* THE PROBLEM
Starting at the line that contains "Ebony’s Engagement Party Bingo Card", retype each line to the end of the listing below. Include both ends, but not the pictures.
::::
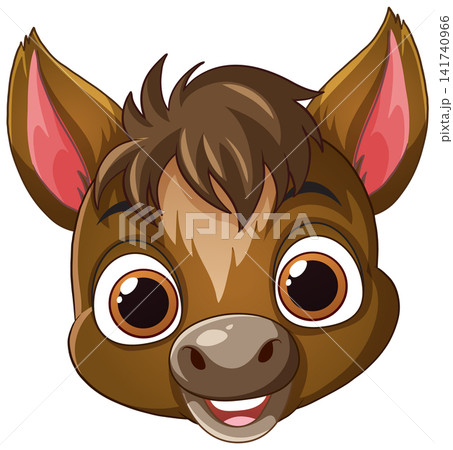 Cute Cartoon Horse Head Vector Illustration on White Background 141740966
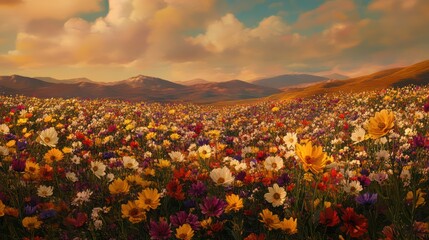 Fototapeta premium Colorful Wildflower Meadow Sunset Mountains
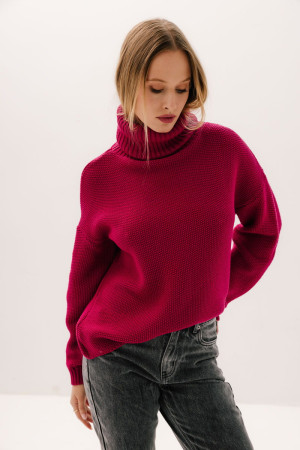 Golf Ella z wełny merino, różowy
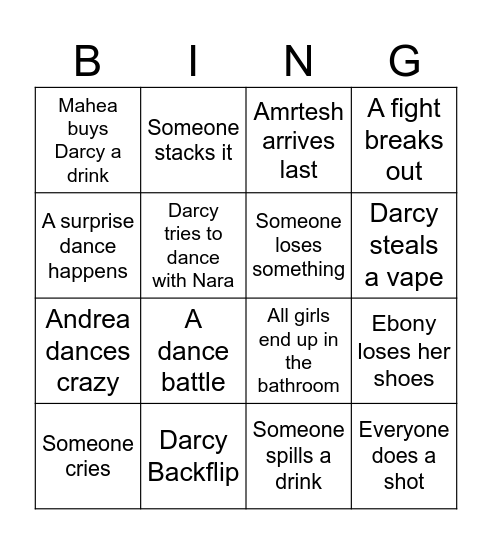 Ebony’s Engagement Party Bingo Card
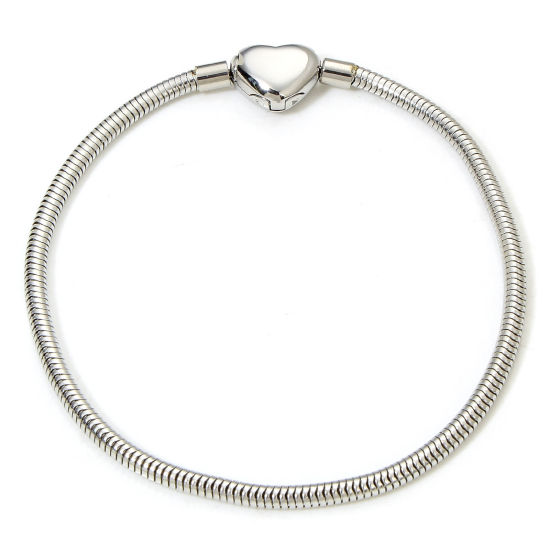 Picture of 1 Piece 304 Stainless Steel European Style Snake Chain Bracelets Silver Tone With Snap Clasp 22cm(8 5/8") long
::::
* SOLVED PROBLEM
 Ebony’s Engagement Party Bingo Card
 Picture of 1 Piece 304 Stainless Steel European Style Snake Chain Bracelets Silver Tone With Snap Clasp 22cm(8 5/8") long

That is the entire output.